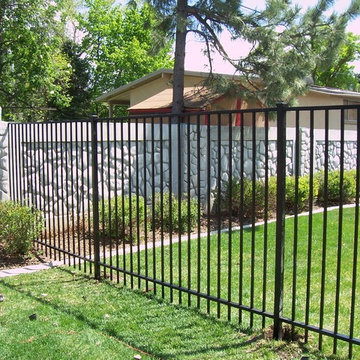 Deluxe Fence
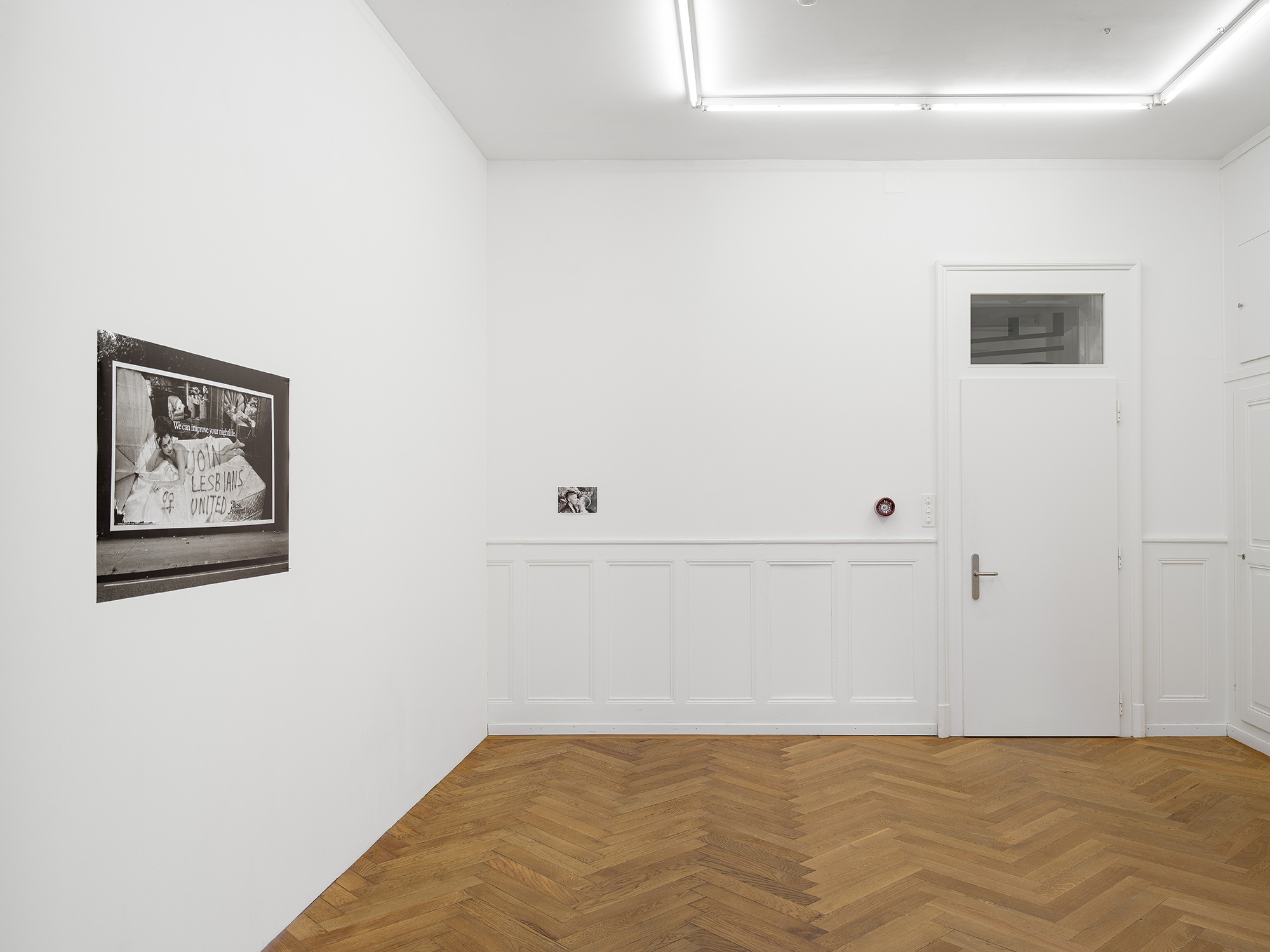 Sonnendeck, Rosengarten WC Welle-7, installation view Stadtgalerie Bern, 2026. Photo: Cedric Mussano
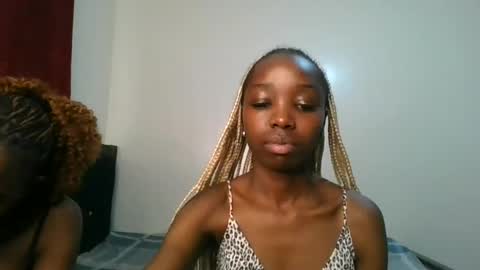 ophellia1 online show from August 13, 10:51 am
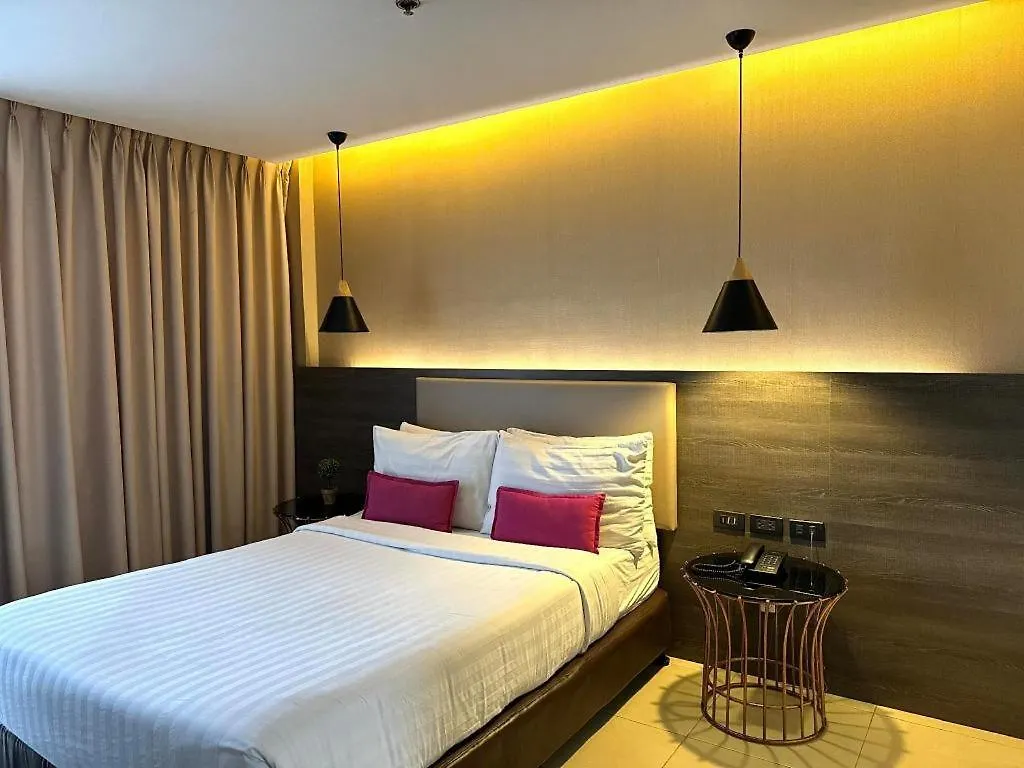 Home Crest Hotel Davao City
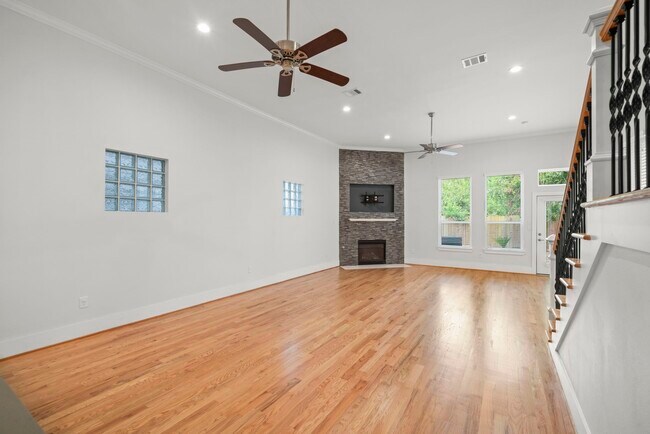 Building Photo - 206 Burr St
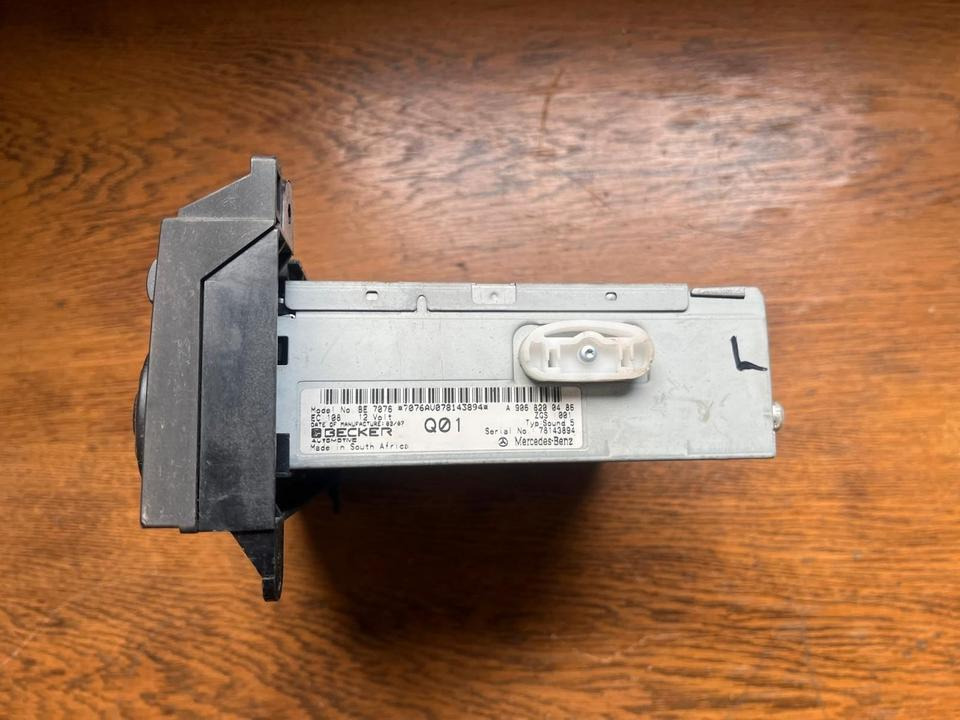 Mercedes Sprinter CD Radio 12V A9068200486 - Cabina e interior para Camión: foto 4 Mercedes Sprinter CD Radio 12V A9068200486 - Cabina e interior para Camión: foto 4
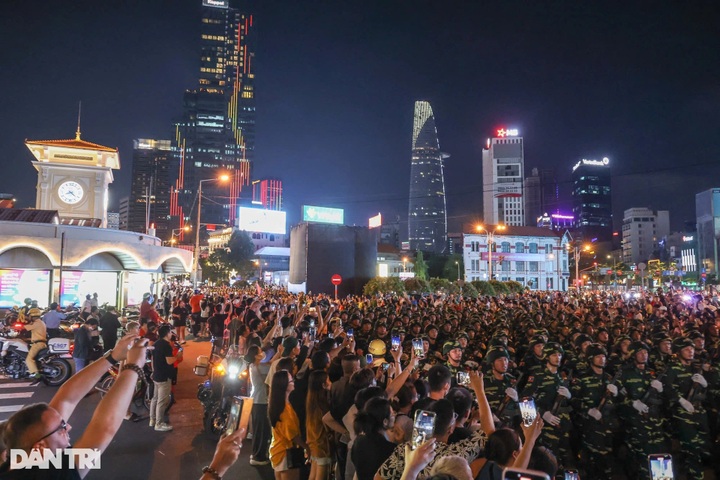 Cambodian and Lao troops join parade rehearsal in HCM City - 7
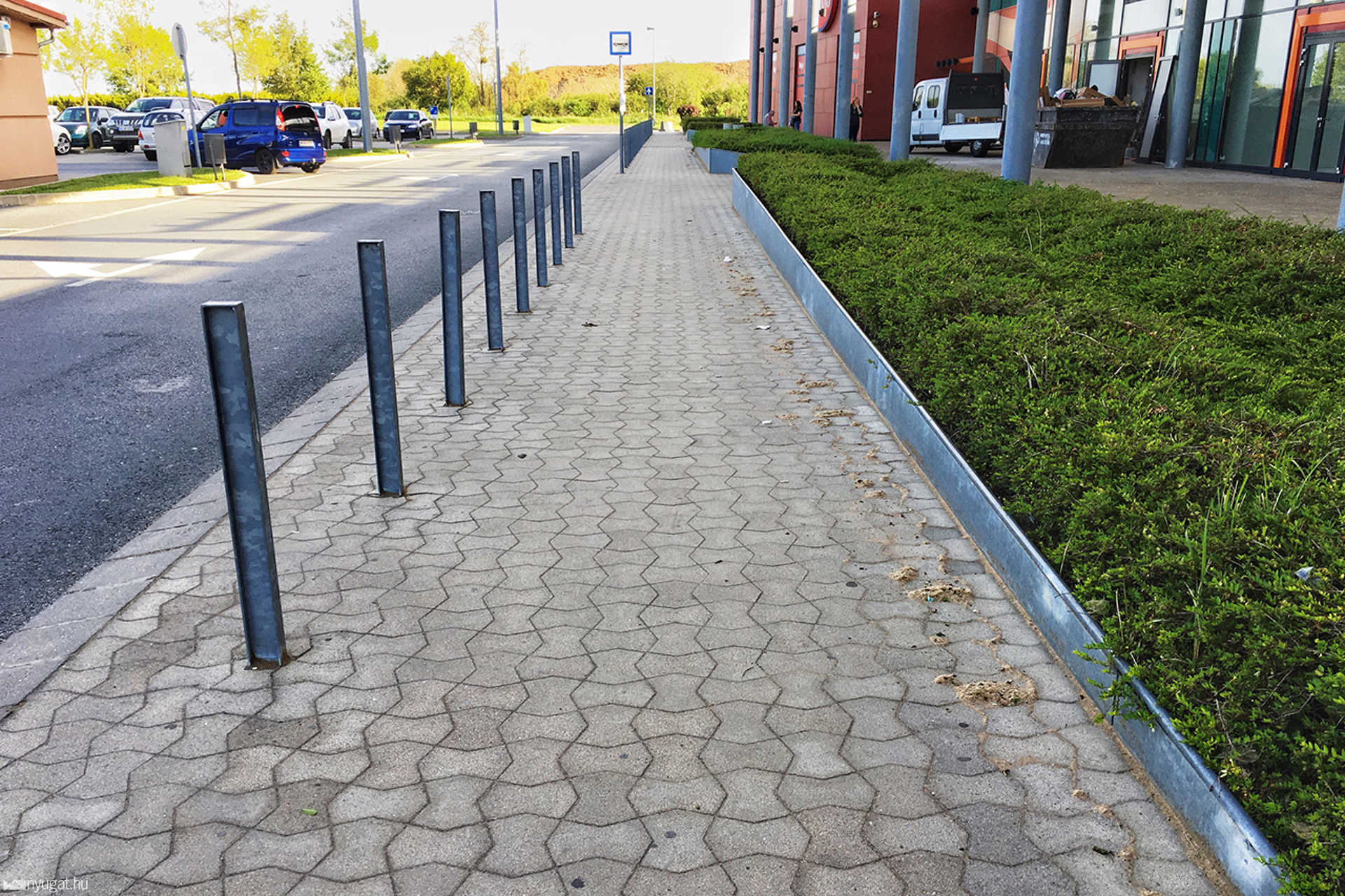 Fapor borította be a Family Center parkolóját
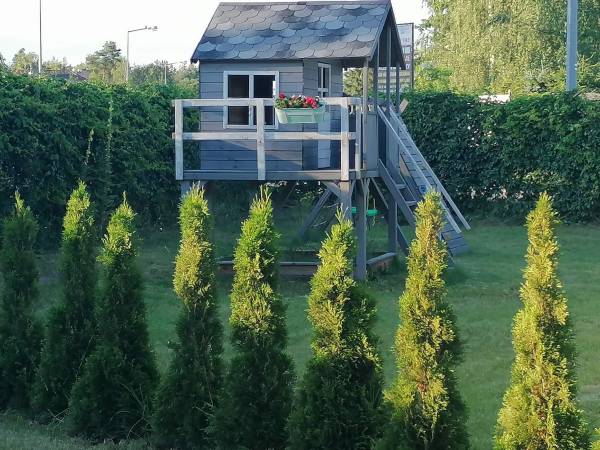 Domek,huśtawki dla dzieci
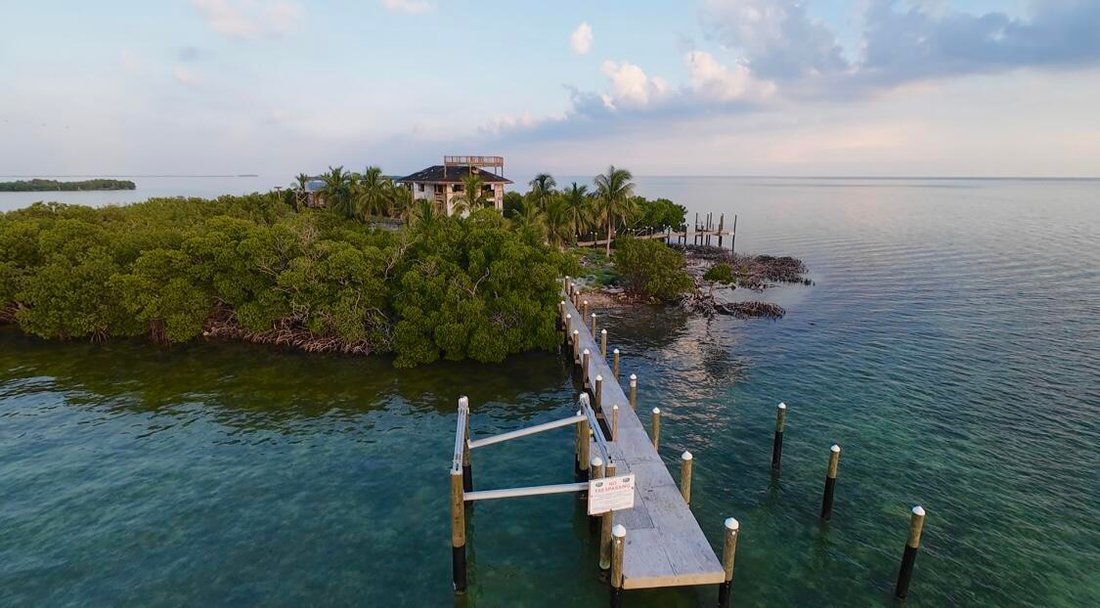 House in Summerland Key, Florida, United States 1 - 17481452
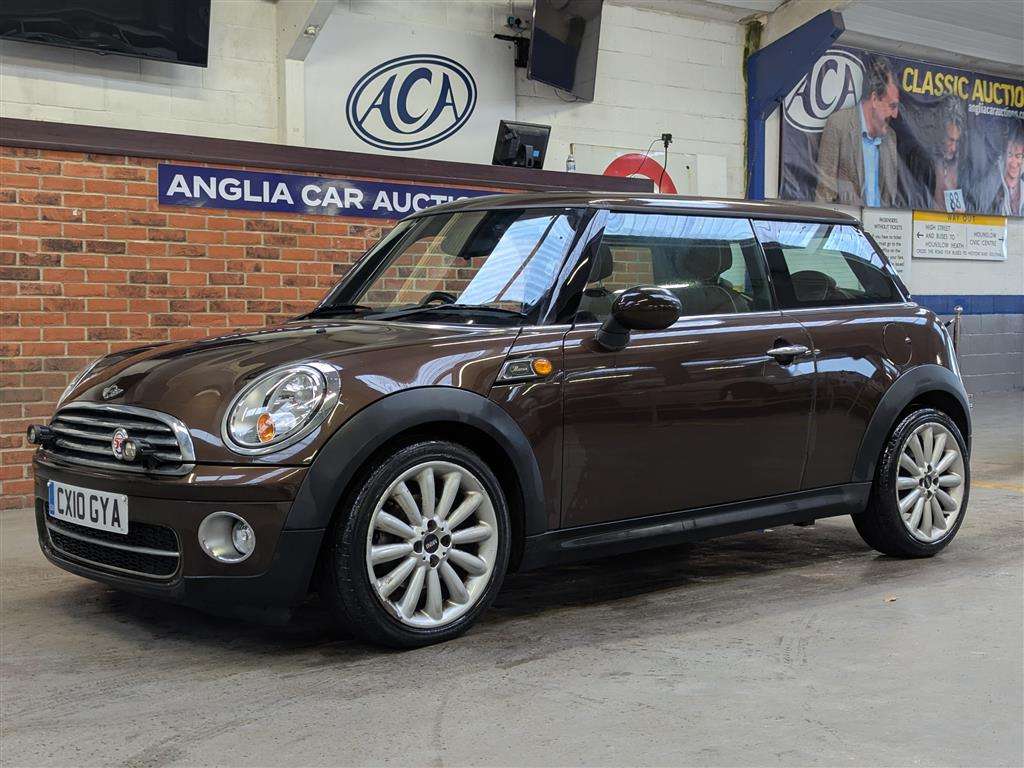 <p>2010 MINI COOPER MAYFAIR D AUTO</p>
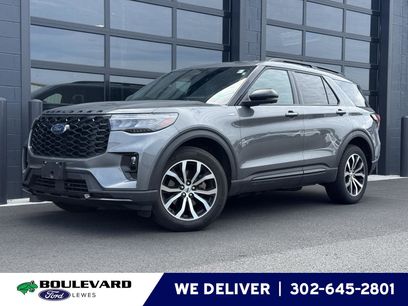 Used 2025 Ford Explorer ST-Line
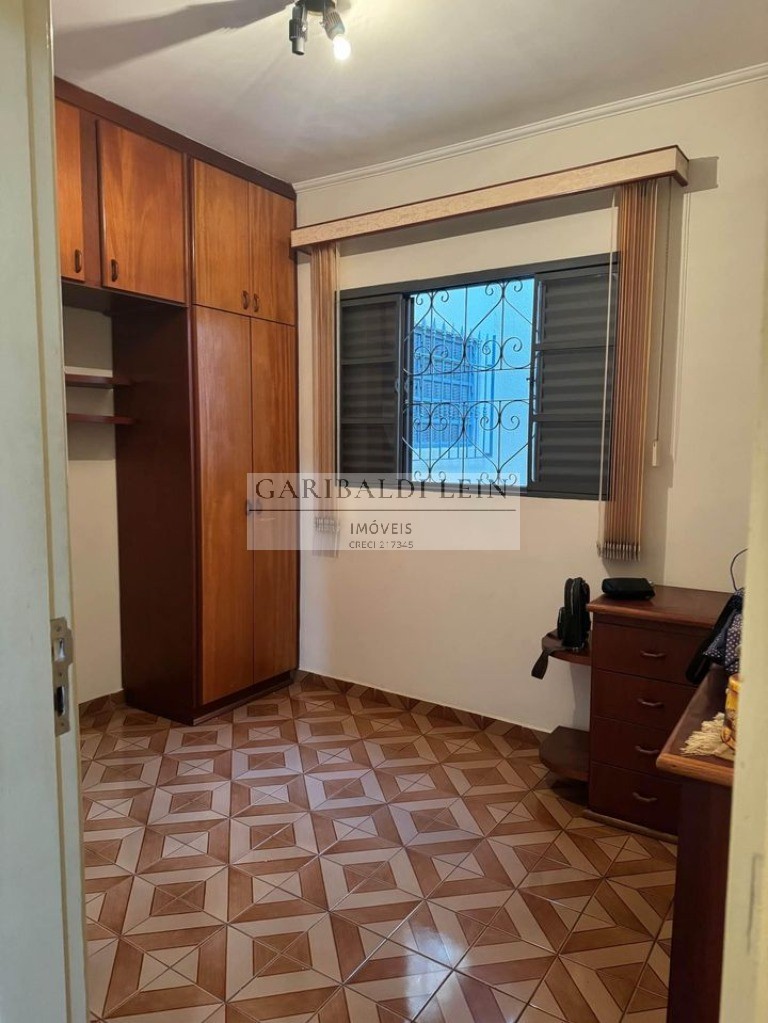 Casa à venda com 3 quartos, 140m² - Foto 4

+++

### TASK PROMPT
The answer must be the lines above from the one containing "Home Crest Hotel Davao City" through the one containing "House in Summerland", reproduced exactly, with no pictures and nothing else.

### ANSWER TO THE EXERCISE
 Home Crest Hotel Davao City
 Building Photo - 206 Burr St
 Mercedes Sprinter CD Radio 12V A9068200486 - Cabina e interior para Camión: foto 4 Mercedes Sprinter CD Radio 12V A9068200486 - Cabina e interior para Camión: foto 4
 Cambodian and Lao troops join parade rehearsal in HCM City - 7
 Fapor borította be a Family Center parkolóját
 Domek,huśtawki dla dzieci
 House in Summerland Key, Florida, United States 1 - 17481452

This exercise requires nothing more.